CF 216B - Forming Teams
We can model the students as an undirected graph. Each student is a vertex, and every pair of enemies creates an edge. We want to split the remaining students into two teams of equal size such that no edge stays inside one team.
Rating: 1700
Tags: dfs and similar, implementation
Solve time: 1m 27s
Verified: yes
Solution
Problem Understanding
We can model the students as an undirected graph. Each student is a vertex, and every pair of enemies creates an edge. We want to split the remaining students into two teams of equal size such that no edge stays inside one team. In graph terms, we need a bipartite graph, because enemies must always end up on opposite sides.
If some connected component is not bipartite, then at least one student from that component must be removed. After removals, the total number of remaining students must also be even, because the two teams must have the same size.
The graph has at most 100 vertices and 100 edges, so even fairly slow graph algorithms would pass. A DFS or BFS over all vertices is trivial within the limits. The more interesting part is understanding exactly when removals are necessary.
The condition that every student has degree at most 2 heavily restricts the graph structure. Every connected component is either:
- a path,
- a cycle,
- or an isolated vertex.
A path is always bipartite. An even cycle is also bipartite. An odd cycle is not bipartite, and removing one vertex turns it into a path.
One subtle edge case is isolated students. Consider:
3 0
All students are independent, so the graph is bipartite. Still, we cannot split 3 students into two equal teams. One student must sit out, so the answer is 1.
Another easy mistake is forgetting that every odd cycle requires one removal even if the total number of remaining students becomes even afterward.
Example:
3 3
1 2
2 3
3 1
This is a triangle. The graph is not bipartite. Removing one student leaves an edge between the other two students, which works. The correct answer is 1.
A more subtle case combines both issues:
6 3
1 2
2 3
3 1
There is one odd cycle of size 3 and three isolated vertices. Removing one vertex from the cycle leaves 5 students total, which is still odd. One additional student must also sit out. The correct answer is 2.
A careless implementation that only counts odd cycles would incorrectly print 1.
Approaches
A brute-force approach would try every subset of students to remove. For each subset, we would check whether the remaining graph is bipartite and whether the number of remaining students is even. Since there are 2^n subsets, this becomes impossible very quickly. Even for n = 100, the search space is astronomically large.
The graph structure gives a much cleaner direction. Since every vertex has degree at most 2, connected components are extremely simple. The only problematic structure is an odd cycle.
A connected bipartite component can always be colored with two colors, meaning its vertices can be separated into two enemy-free groups. An odd cycle breaks this property because walking around the cycle forces a contradiction in coloring.

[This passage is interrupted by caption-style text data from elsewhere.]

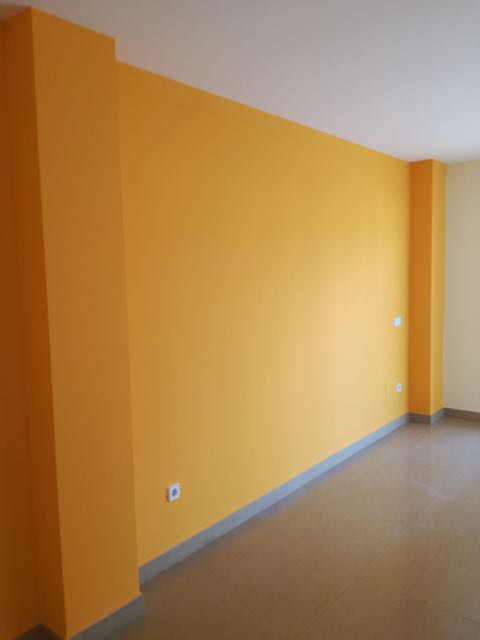 Piso pintado y acabado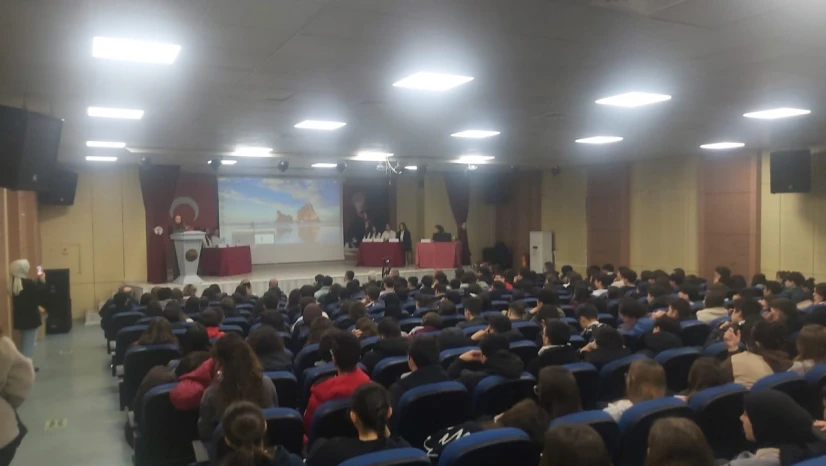 Bartın'da genç yazarlar Kutadgu Bilig'i inceledi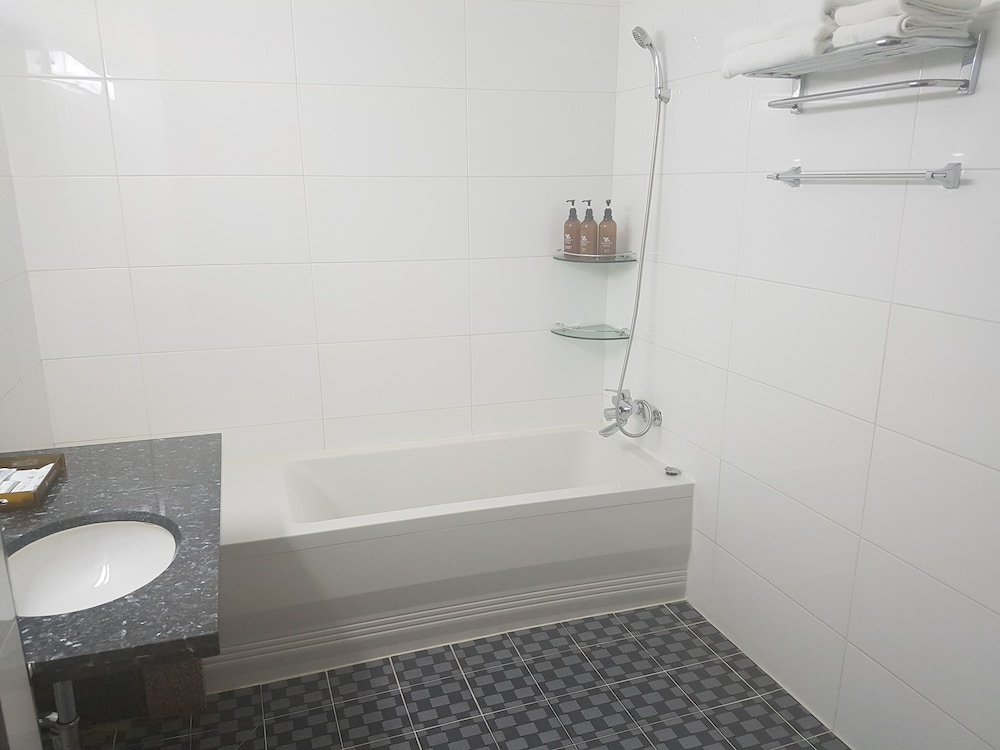 Yeongbin Hotel Youngbin Hotel 24/33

So the problem reduces to two observations:
First, every odd cycle forces exactly one removal.
Second, after fixing all odd cycles, the remaining graph is bipartite. If the number of remaining students is odd, we remove one more arbitrary student to make the total even.
DFS coloring detects odd cycles naturally. Whenever we try to color adjacent vertices with opposite colors and discover a conflict, that connected component is not bipartite.
| Approach | Time Complexity | Space Complexity | Verdict |
|---|---|---|---|
| Brute Force | O(2^n * (n + m)) | O(n + m) | Too slow |
| Optimal | O(n + m) | O(n + m) | Accepted |
Algorithm Walkthrough
- Build an adjacency list for the graph.
Every student stores the list of enemies connected to them.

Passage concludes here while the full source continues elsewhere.